[[ Recorded information, beginning ]]

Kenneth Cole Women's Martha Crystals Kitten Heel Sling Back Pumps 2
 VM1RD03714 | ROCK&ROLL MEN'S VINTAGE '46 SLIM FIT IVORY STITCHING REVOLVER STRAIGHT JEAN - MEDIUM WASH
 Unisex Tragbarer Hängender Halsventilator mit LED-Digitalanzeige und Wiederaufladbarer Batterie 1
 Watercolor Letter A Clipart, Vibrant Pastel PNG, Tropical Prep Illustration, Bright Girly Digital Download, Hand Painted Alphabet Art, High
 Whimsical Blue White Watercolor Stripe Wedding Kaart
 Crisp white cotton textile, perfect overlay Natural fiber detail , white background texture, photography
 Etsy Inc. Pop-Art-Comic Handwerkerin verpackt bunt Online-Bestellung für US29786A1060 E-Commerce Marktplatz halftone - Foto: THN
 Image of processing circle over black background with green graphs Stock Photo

[[ Recorded information, end ]]

## Activity
Exactly as written, transcribe every line shown above.

## Task solution
Kenneth Cole Women's Martha Crystals Kitten Heel Sling Back Pumps 2
 VM1RD03714 | ROCK&ROLL MEN'S VINTAGE '46 SLIM FIT IVORY STITCHING REVOLVER STRAIGHT JEAN - MEDIUM WASH
 Unisex Tragbarer Hängender Halsventilator mit LED-Digitalanzeige und Wiederaufladbarer Batterie 1
 Watercolor Letter A Clipart, Vibrant Pastel PNG, Tropical Prep Illustration, Bright Girly Digital Download, Hand Painted Alphabet Art, High
 Whimsical Blue White Watercolor Stripe Wedding Kaart
 Crisp white cotton textile, perfect overlay Natural fiber detail , white background texture, photography
 Etsy Inc. Pop-Art-Comic Handwerkerin verpackt bunt Online-Bestellung für US29786A1060 E-Commerce Marktplatz halftone - Foto: THN
 Image of processing circle over black background with green graphs Stock Photo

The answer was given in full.